Wurzbach reproduces this passage word for word, with only a handful of minor changes; he gives it without quotes, thus failing to make clear that the words are not his own—although he does at least interject at one point the comment “Herausgeber dieses Lexikons schöpft aus Aufzeichnungen von Perinet’s erster Frau” (“the editor of this dictionary draws on the notes about Perinet’s first wife”; the ambiguous “von” may easily suggest to the unwary reader that Wurzbach is drawing on notes by Perinet’s wife, rather than to notes about her). Gugitz, in his 1904 article, cites the manuscript of these same “notes” in Wurzbach’s estate, and he explicitly quotes a few short phrases from them. But he gives the impression that the rest of his discussion of Anna Gansch and of Perinet’s alleged profligacy is written in his own words. In fact Gugitz, like Wurzbach, had reproduced verbatim or with only slight modification long passages that ultimately came from Sonnleithner’s biography (Gugitz 1904, 182–86). By current standards, then, Wurzbach’s and Gugitz’s use of this source would count as plagiarism.

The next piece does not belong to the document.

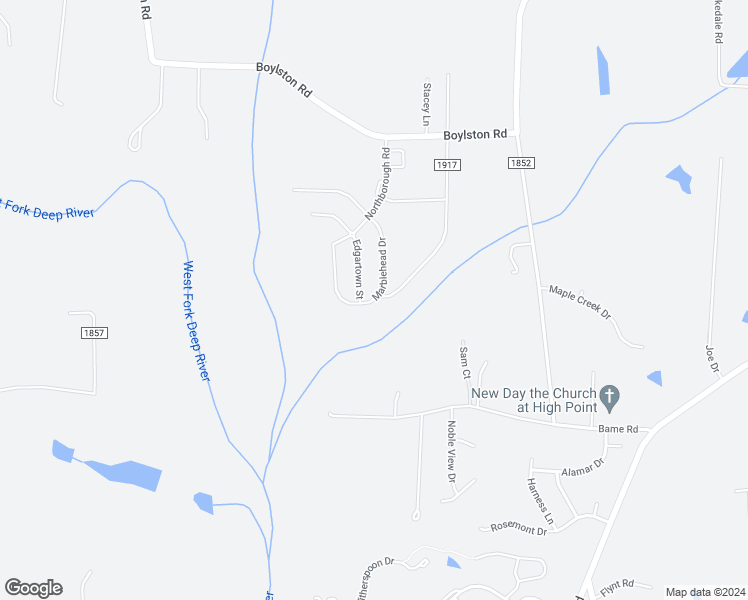 map of restaurants, bars, coffee shops, grocery stores, and more near 5541 Marblehead Drive in Colfax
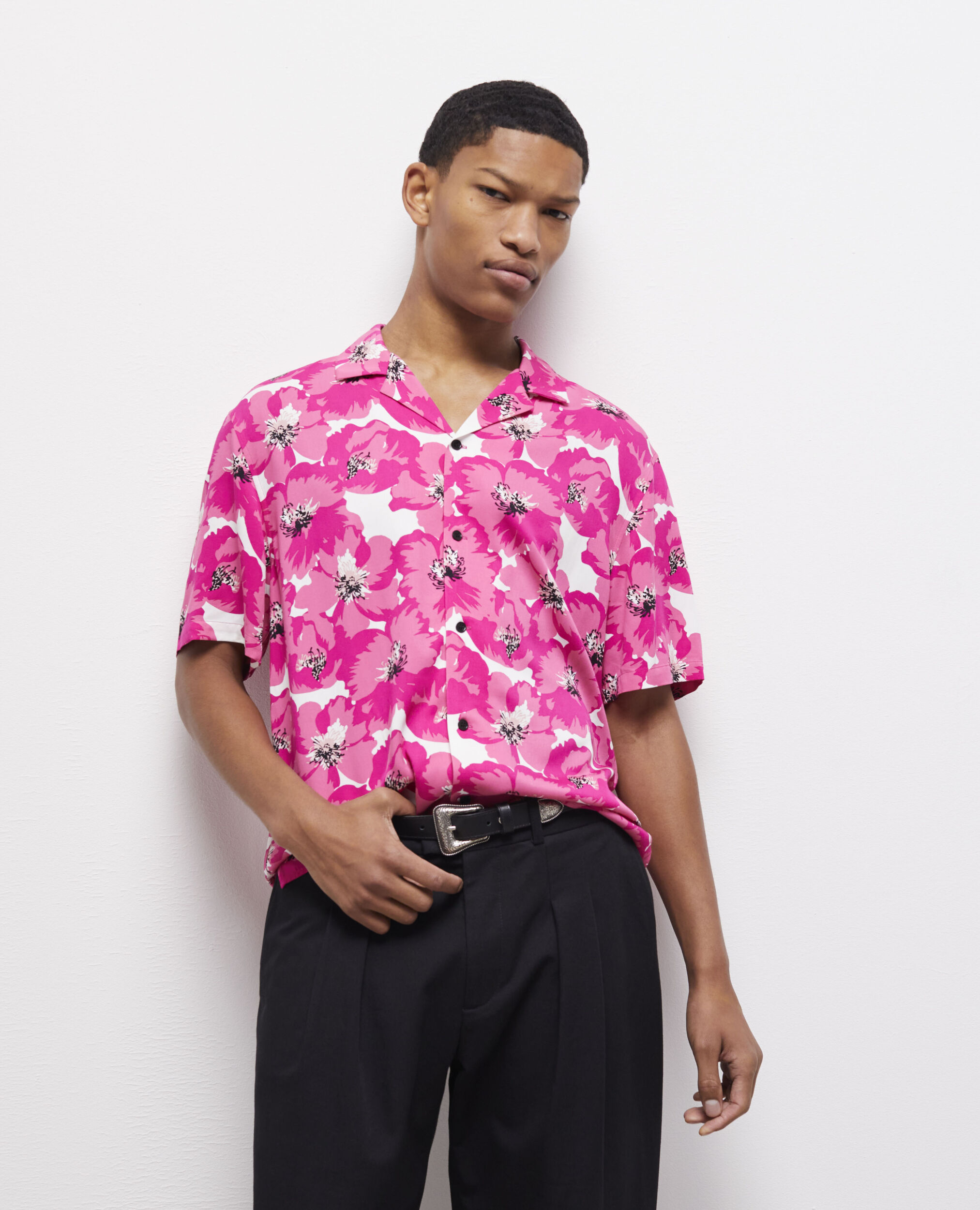 Chemise imprimée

The story that Perinet inherited and squandered 6000 gulden from his father is reproduced in condensed form in Franz Brümmer’s article on Perinet in Allgemeine Deutsche Biographie (which is a summary of Wurzbach). Stefan Jordan’s article on Perinet in Neue Deutsche Biographie, summarizes the story in one sentence, omitting the father and the amount: “Durch die Verschwendung seines Erbes mittellos geworden, nahm er hier 1790 eine Beschäftigung als Theaterschriftsteller…” (“Made penniless by squandering his inheritance, in 1790 [Perinet] took up a position here as a writer for the theater…”; in the previous sentence Jordan has incorrectly placed Perinet in the Theater in der Josefstadt, not the Theater in der Leopoldstadt). Thomas Bauman, in his very brief biography of Perinet at Grove Online, repeats the essentials as summarized by Brümmer: “Born into a wealthy merchant family, as a young man he received a poor education, frequented Vienna’s taverns, and on his father’s death squandered an inheritance of 6000 gulden in six weeks” (Bauman 2016). Peter Branscombe, in his article on Perinet at Grove Online, compresses the story to “He swiftly squandered a sizeable inheritance…”, like Jordan omitting the father and the amount. All of these portrayals ultimately derive (although the authors were evidently not aware of it) from Sonnleithner’s biography of Anna Perinet, via Wurzbach’s anonymous manuscript copy.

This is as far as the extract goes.